The study joins a growing effort to borrow psychological tests for research in machine cognition, especially when AI is challenged with complex, dynamic decision-making tasks. Theory of mind tests, for example, let researchers gauge whether a system can track others’ beliefs, emotions, and intentions. Personality tests are helping shape model behavior and reduce sycophancy. And some LLMs are readily solving emotional intelligence tests, which measure how well the algorithms recognize and respond to social cues.
According to the authors, the new results point to a missing ingredient in AI attention: A mechanism similar to the brain’s executive control network, which helps us stick to a task and adapt when priorities change.
Future AI systems could benefit from higher-level executive control that continuously tracks progress toward a goal, detects when attention has drifted, and pulls it back on course, if necessary.

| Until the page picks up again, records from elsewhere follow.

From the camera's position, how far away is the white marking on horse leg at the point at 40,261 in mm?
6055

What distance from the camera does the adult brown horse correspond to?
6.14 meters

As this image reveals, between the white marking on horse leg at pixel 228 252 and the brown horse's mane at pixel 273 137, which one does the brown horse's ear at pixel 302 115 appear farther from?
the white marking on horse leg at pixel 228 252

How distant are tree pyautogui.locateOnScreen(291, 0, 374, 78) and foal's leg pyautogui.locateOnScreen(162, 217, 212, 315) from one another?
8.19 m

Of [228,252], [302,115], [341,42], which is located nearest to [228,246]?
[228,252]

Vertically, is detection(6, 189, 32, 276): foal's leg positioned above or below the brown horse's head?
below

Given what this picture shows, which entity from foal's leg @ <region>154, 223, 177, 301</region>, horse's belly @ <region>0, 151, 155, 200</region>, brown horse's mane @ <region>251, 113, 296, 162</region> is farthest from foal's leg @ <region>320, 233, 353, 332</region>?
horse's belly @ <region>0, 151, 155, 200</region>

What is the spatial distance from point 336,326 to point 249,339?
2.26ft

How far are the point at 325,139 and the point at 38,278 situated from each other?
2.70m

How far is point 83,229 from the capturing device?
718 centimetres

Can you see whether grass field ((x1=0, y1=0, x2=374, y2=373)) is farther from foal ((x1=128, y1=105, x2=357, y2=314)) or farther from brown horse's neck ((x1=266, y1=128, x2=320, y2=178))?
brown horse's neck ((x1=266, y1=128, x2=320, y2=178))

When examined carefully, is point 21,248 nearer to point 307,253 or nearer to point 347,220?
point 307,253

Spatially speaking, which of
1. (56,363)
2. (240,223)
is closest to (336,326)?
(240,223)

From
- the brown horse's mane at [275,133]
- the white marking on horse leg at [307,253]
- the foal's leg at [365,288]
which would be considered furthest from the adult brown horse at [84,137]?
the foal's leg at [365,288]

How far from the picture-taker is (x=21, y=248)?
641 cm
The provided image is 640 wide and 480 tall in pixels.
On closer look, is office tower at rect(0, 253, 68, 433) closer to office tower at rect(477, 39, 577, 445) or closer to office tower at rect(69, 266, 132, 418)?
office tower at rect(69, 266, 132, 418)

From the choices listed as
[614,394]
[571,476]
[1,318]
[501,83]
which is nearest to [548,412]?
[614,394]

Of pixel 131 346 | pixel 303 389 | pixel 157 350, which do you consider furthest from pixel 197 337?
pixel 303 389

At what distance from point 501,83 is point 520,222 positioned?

Rather than simply weighing which tokens are most relevant in the moment, a more human-like form of attention could help AI stay focused during complex tasks, such as long conversations, multi-step reasoning problems, or high-stakes use in scientific research and drug discovery.
“The ultimate goal of AI research is to develop artificial general intelligence comparable to human abilities,” wrote the team. “AI systems, like humans, may need to master fundamental attention mechanisms…before achieving the generalized problem-solving abilities characteristic of mature executive functions.”